DIFFERENCES BETWEEN MEXICAN GAAP VS. U.S. GAAP

Mexico’s generally accepted accounting practices don’t necessarily match the ones from the U.S., even tough in 1997, the National banking and securities commission announce that the Mexican banking system was going to adopt the U.S. accounting practices.

In different situations, we can still encounter several differences between the GAAP’s from Mexico and the ones applied by American companies. The Mexican GAAP’s critical factors that differ from the U.S. GAAP’s are:

• Recognition of inflation effects

In Mexico, there is the habit to record inflation through the restate of figures. For example: if a product generates a cost or sales of $50 pesos and there is a 50% inflation within a year, that cost or sale is refigured at $100 pesos. U.S. accountants are accustomed to record numbers based on the actual costs, without adding the inflation and making those adjustments. Mexico makes this adjustments openly, reporting them as an adjusting entries.
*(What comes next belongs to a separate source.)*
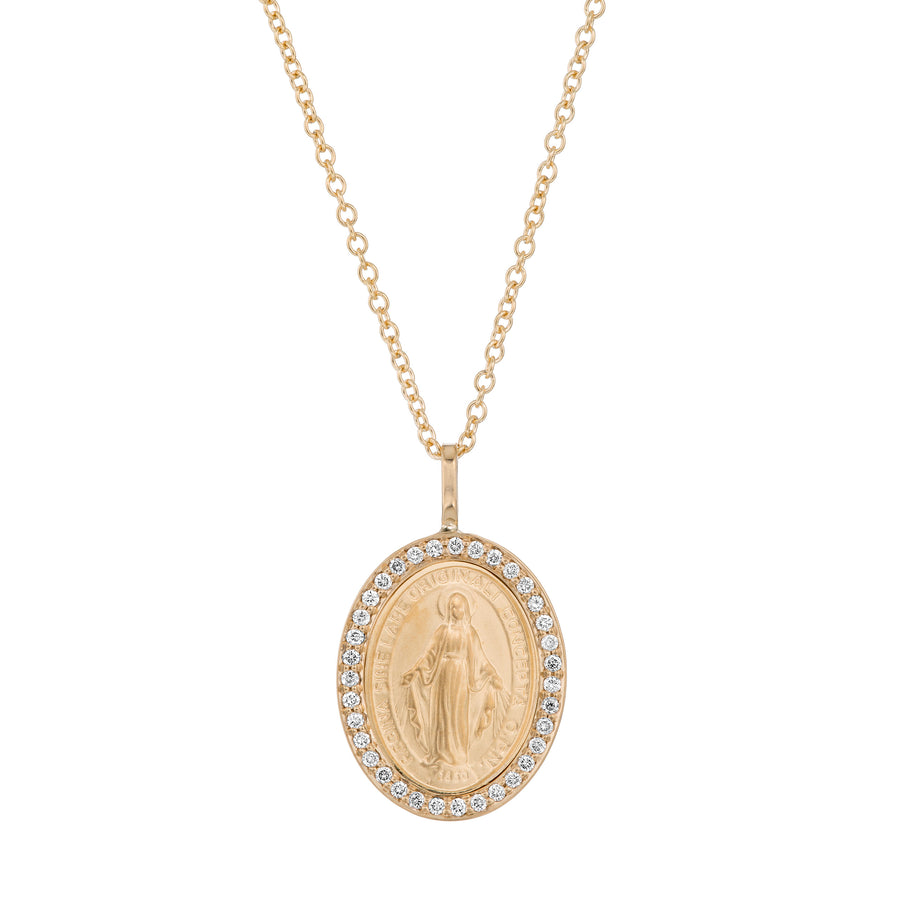 Mother Mary Protection Necklace Pendant Queen Vee White Diamonds Small Yellow Gold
• Deferred income tax and employee’s statutory profit sharing

Mexican GAAP’s deferred income tax is accounted under the asset and liability method. Deferred tax assets and liabilities are recognized for the future tax consequences attributable to differences between the financial statement carrying amounts of existing assets and liabilities and their respective tax bases and operating loss and tax credit carry forwards. Deferred tax assets and liabilities are measured using enacted tax rates expected to apply to taxable income in the years in which those temporary differences are expected to be recovered or settled. The effect on deferred tax assets and liabilities of a change in tax rates is recognized in income in the period that includes the enactment date. Deferred income tax and employees statutory profit sharing is recognized only for timing differences arising from the reconciliation of book income to income...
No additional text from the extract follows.